From initial analysis of the IMD of there are 131 areas in Bradford that fall into the IMD of 1 and 2. We have over a number of columns that would be interesting to investigate.

In [None]:
list(df.columns)

You might want to explore specific data areas for an area. 
Filter the data further. Some examples are provided in data exploration notebook

In [None]:
df.query('LocalAuthorityDistrictname2013 =="Bradford" & IndexofMultipleDeprivationDecile == 1')

See what kind of count we have across the spectrum on Education

In [None]:
tmp2 = df.query('LocalAuthorityDistrictname2013 =="Bradford"')
tmp3_wide = tmp2.pivot(index= 'LSOAname2011',columns =  'EducationSkillsandTrainingDecile', values= 'EducationSkillsandTrainingRank ')

tmp2.groupby('EducationSkillsandTrainingDecile')['EducationSkillsandTrainingRank '].nunique().plot(kind='bar')
plt.show()

What happens when we fildter on IMD as 1 

In [None]:

tmp2 = df.query('LocalAuthorityDistrictname2013 =="Bradford" & IndexofMultipleDeprivationDecile == 1')
tmp3_wide = tmp2.pivot(index= 'LSOAname2011',columns =  'EducationSkillsandTrainingDecile', values= 'EducationSkillsandTrainingRank ')

tmp2.groupby('EducationSkillsandTrainingDecile')['EducationSkillsandTrainingRank '].nunique().plot(kind='bar')
plt.show()


When exploring the data in the previous notebook the results showed that a third of Bradford was classed in the most deprived decile (remember index decile). The data illustrated that the education skills and Training Decile for the most deprived is 1 or 2 (lowest). The graph helps to see this. However, there is more to be done with the rank value.

The reports shared about this data see The English Indices of Deprivation 2015 Research report. The following details have been abstracted from the report (see page 21)

The 32,844 Lower-layer Super Output Areas in England are ranked according to their deprivation score.
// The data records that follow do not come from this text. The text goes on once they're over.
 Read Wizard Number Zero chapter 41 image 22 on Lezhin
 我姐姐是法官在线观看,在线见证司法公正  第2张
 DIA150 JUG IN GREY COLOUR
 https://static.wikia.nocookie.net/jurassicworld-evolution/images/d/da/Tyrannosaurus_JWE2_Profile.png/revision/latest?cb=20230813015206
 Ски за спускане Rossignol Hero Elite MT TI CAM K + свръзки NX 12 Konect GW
For each of the neighbourhood-level indices, the most deprived Lower-layer Super Output Area in England is given a rank of 1, and the least deprived a rank of 32,844.

The deciles are produced by ranking the 32,844 Lower-layer Super Output Areas and dividing them into 10 equal-sized groups. Decile 1 represents the most deprived 10 per cent of areas nationally and decile 10, the least deprived 10 per cent of areas nationally.
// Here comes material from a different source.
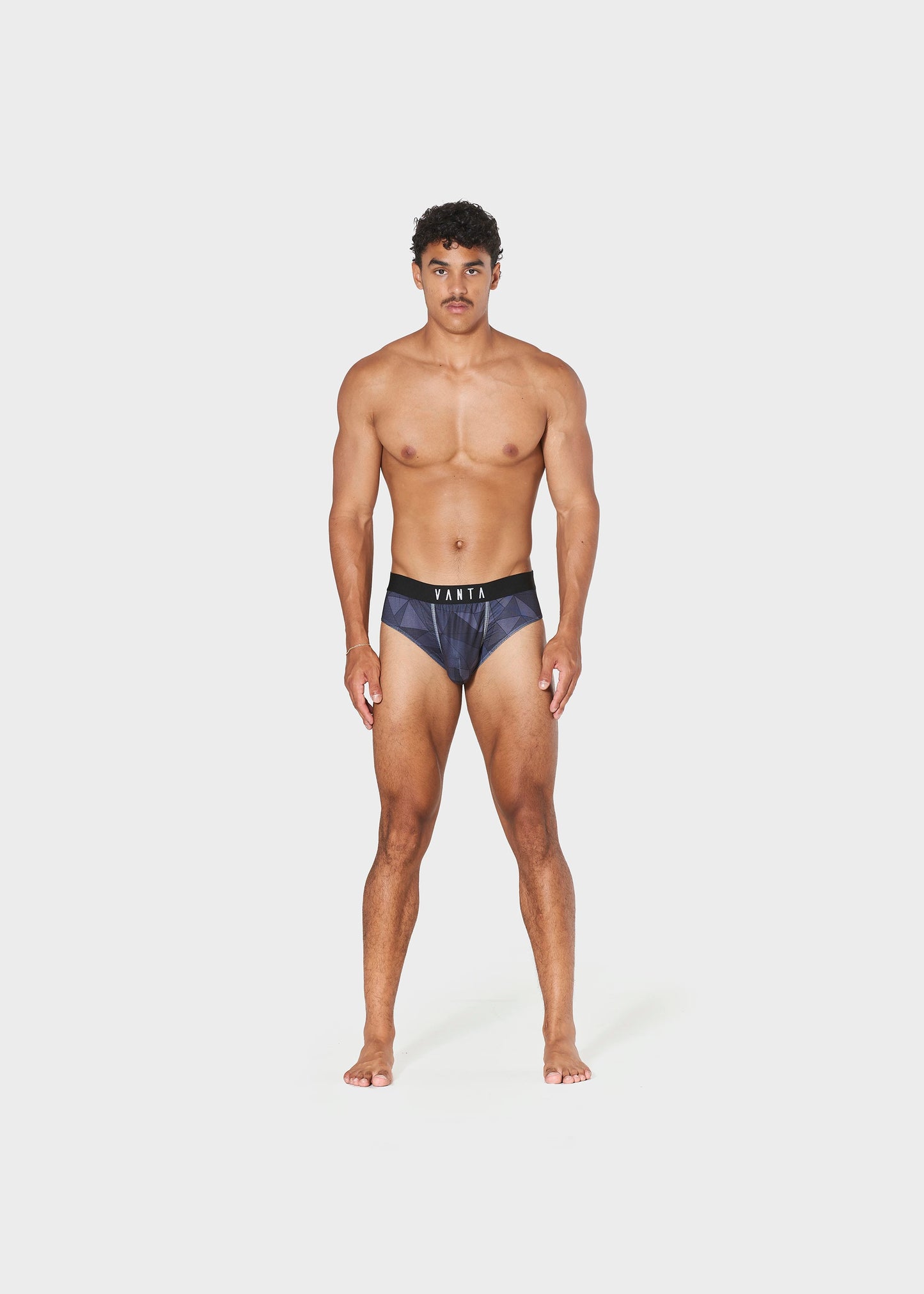 NINJA (BRIEF)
The ranks and deciles can straightforwardly be interpreted as showing broadly whether a Lower-layer Super Output Area is more deprived than any other such area in the country. The ranks (and deciles) are relative: they show that one area is more deprived than another but not by how much. For example, if an area has a rank of 1,000, it is not half as deprived as a place with a rank of 500.
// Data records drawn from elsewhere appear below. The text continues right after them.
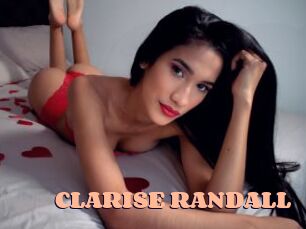 CLARISE_RANDALL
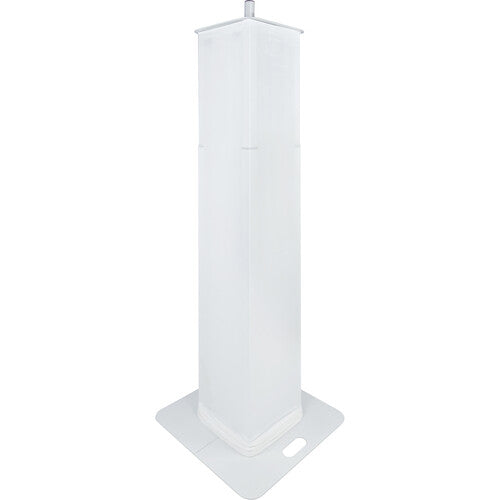 ColorKey LS6 6ft Lighting Stand (CKU-8020)
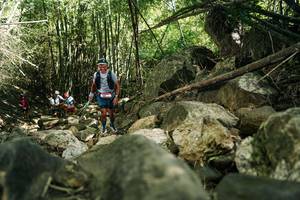 BIB: 
                            <button type="button" onclick="openModal(27940328)" class="btn btn-primary btn-sm float-right btn-popup" data-toggle="modal" data-target=".modal-high-quality">
                        <i class="fas fa-shopping-cart"></i> Add to Cart
                    </button>
                                            <button type="button" onclick="isThisMe(27940328, true)" class="btn btn-success btn-sm float-right btn-popup btn-isme hidden" data-toggle="tooltip" data-placement="bottom" title="นี่คือรูปของคุณใช่ไหม คลิกที่นี่เพื่อเอาเข้าอัลบั้ม">
                        <i class="fas fa-plus"></i> Add to album
                    </button>
                    <button type="button" onclick="isThisMe(27940328, false)" class="btn btn-warning btn-sm float-right btn-popup btn-isnotme hidden">
                        <i class="fas fa-ban"></i> Remove from album
                    </button>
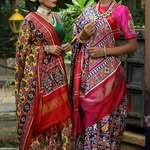 patola_by_vishalbhai_ profile picture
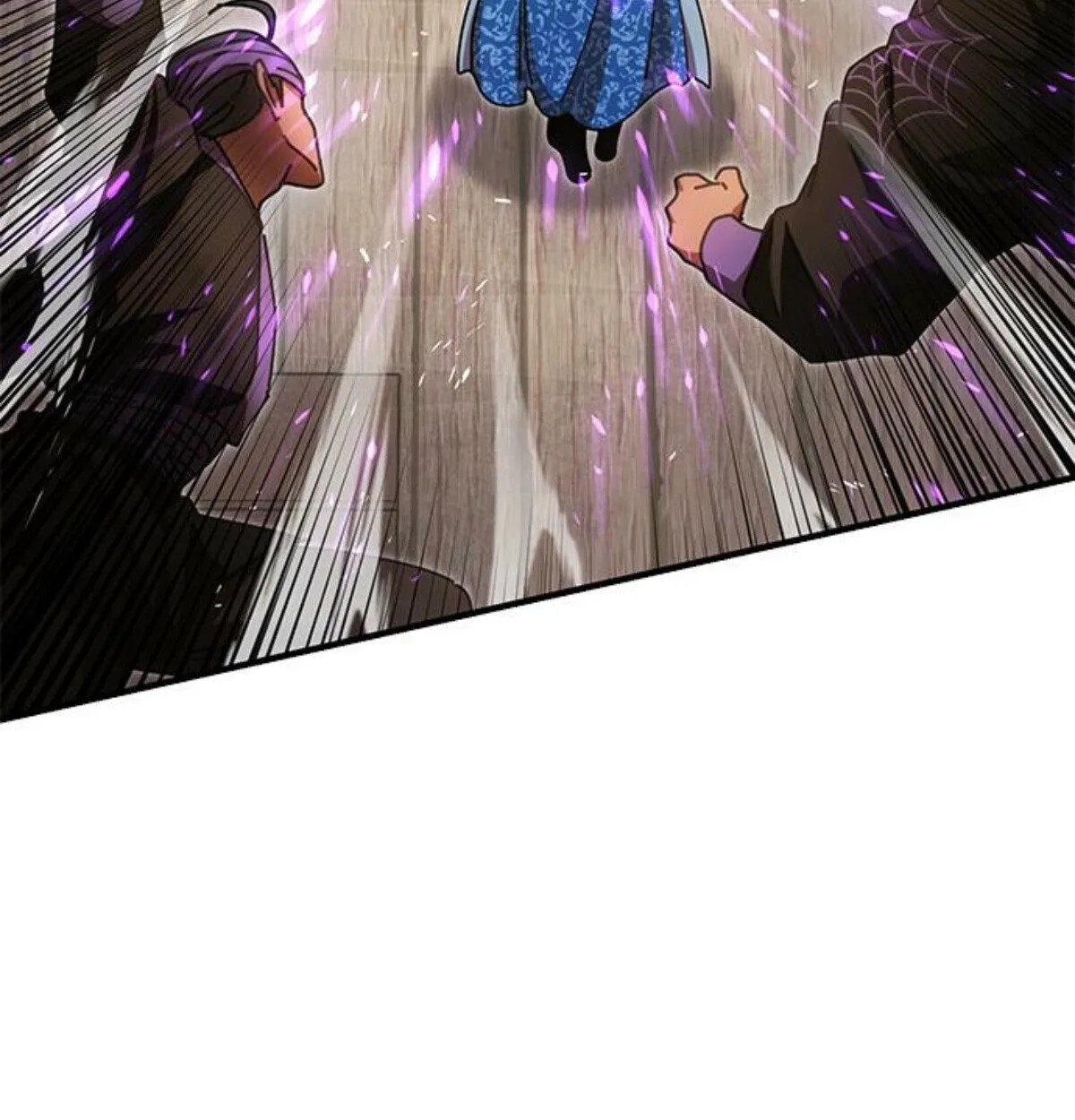 Chronicles of the Lazy Sovereign บ_นท_กของราชาจอมข_เก_ยจ ตอนที่ ตอนที่ 24 รูปที่ 50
The ranks and deciles are based on scores: the larger the score, the more deprived the area. In the case of the Income and Employment deprivation domains and the supplementary Indices, the scores are meaningful and relate to a proportion of the relevant population experiencing that type of deprivation (see relevant sections below for details). This means that in addition to the ranks which show relative deprivation, the scores for these domains can be used to compare areas on an absolute scale 

Think about how you might further focus the data e.g. the rank data perhaps. 

It would be interesting to see employment and education value, living environment and health factors etc.